His remarks came a day after a video on social media showed ultra-Orthodox Jews spitting on the ground as pilgrims carried crosses along Jerusalem’s Via Dolorosa — the route Christians believe Jesus walked before being crucified.

AFP was unable to immediately verify the video, which followed the publication of similar footage of Jews insulting or acting aggressively toward Christians in the Old City.

After capturing it in 1967, Israel annexed east Jerusalem, including the Old City, in a move never recognized by the international community.

The Old City remains at the heart of the Israeli-Palestinian conflict as well as tensions between the world’s three major monotheistic faiths.

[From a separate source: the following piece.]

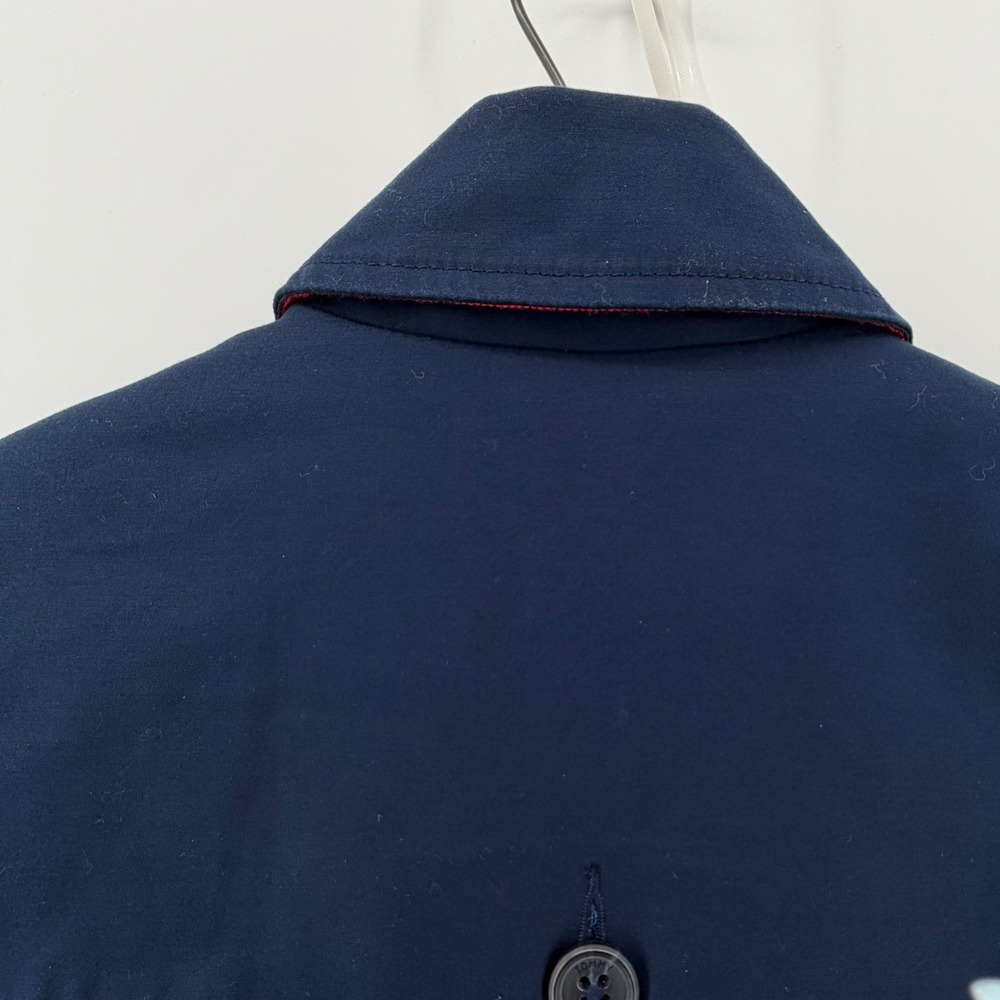 Tommy Hilfiger Navy Double Breasted‎ Trench Coat Belted Size S/P - Picture 5 of 14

Last month the Latin patriarch of Jerusalem, Archbishop Pierbattista Pizzaballa, said that while attacks on Christians in the Old City were “not a new phenomenon,” they had been more frequent “in the recent period.”

Pizzaballa, who Pope Francis anointed as a cardinal on Saturday, said there were many reasons for the increase, including education.

“There are some movements, some rabbis also, who are inciting this, or at least approving of this,” he said.

“We have not to forget the past relations between Jews and Christians were not simple, to be diplomatic, and all this creates this context,” he added.

The archbishop also said the frequency of “this phenomenon… is connected, temporarily at least, with this (Israeli) government.”

In a statement issued on Tuesday, the rabbi of the Western Wall, Shmuel Rabinowitz, condemned in “the strongest terms the violence against believers in the Old City and all forms of violence.”

“We must do everything in our power to preserve the delicate fabric of the Old City,” he said, addressing “the leaders of all religions.”